• _Recorded information_:
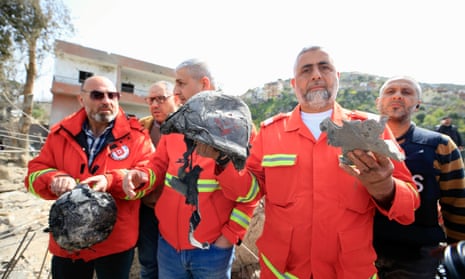 Rescuers show belongings of the victims at the site of an airstrike in Hebbariye, southern Lebanon, on 27 March.
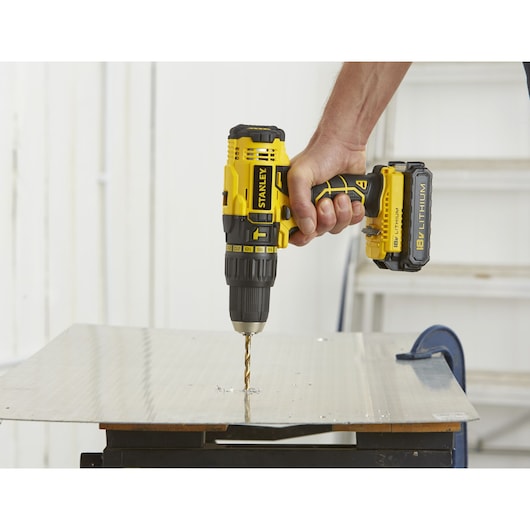 Photo of STANLEY SCH20S2K cordless drill in hand drilling into a metal sheet, side angle view.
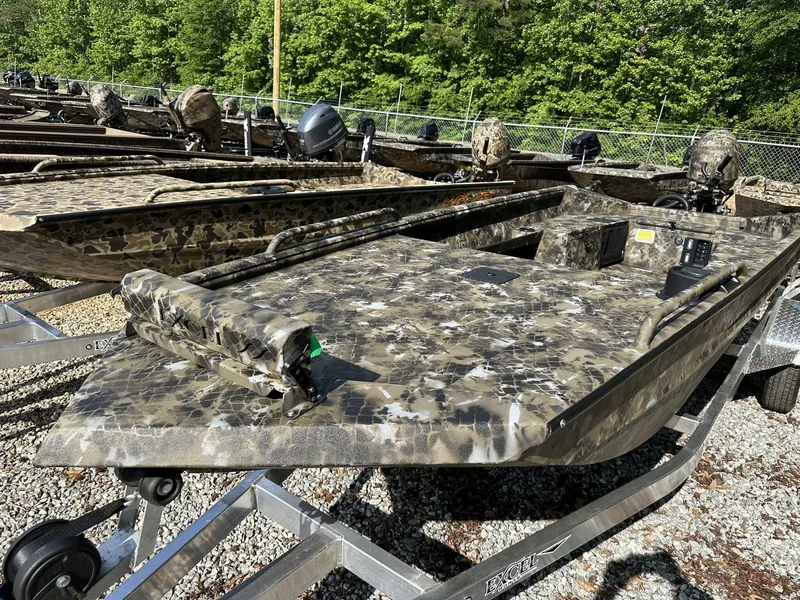 Slide: The Image of 2025 Excel Viper F4 1751 boat with camouflage design on a trailer. - 13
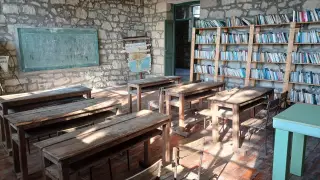 Ilustrasi: Ruang kelas kuno kosong dengan deretan meja kayu, papan tulis, dan rak buku besar.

• _Exercise goal_: Please restate word for word each line from the one containing "Photo of STANLEY" to the end of the data above, without the pictures.

• _Written answer_:
 Photo of STANLEY SCH20S2K cordless drill in hand drilling into a metal sheet, side angle view.
 Slide: The Image of 2025 Excel Viper F4 1751 boat with camouflage design on a trailer. - 13
 Ilustrasi: Ruang kelas kuno kosong dengan deretan meja kayu, papan tulis, dan rak buku besar.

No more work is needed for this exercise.